Exercise: From the line that includes "4th image of 306 Mount Vernon Dr" to the last line of the records, inclusive, repeat each line exactly.
(Information shown begins)
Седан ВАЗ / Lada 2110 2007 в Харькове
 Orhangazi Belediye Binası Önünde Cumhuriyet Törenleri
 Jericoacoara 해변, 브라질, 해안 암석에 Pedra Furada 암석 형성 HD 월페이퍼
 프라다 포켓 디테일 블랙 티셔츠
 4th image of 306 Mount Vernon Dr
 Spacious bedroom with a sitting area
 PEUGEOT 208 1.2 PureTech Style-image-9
(Information shown ends)
Solution for this problem:
 4th image of 306 Mount Vernon Dr
 Spacious bedroom with a sitting area
 PEUGEOT 208 1.2 PureTech Style-image-9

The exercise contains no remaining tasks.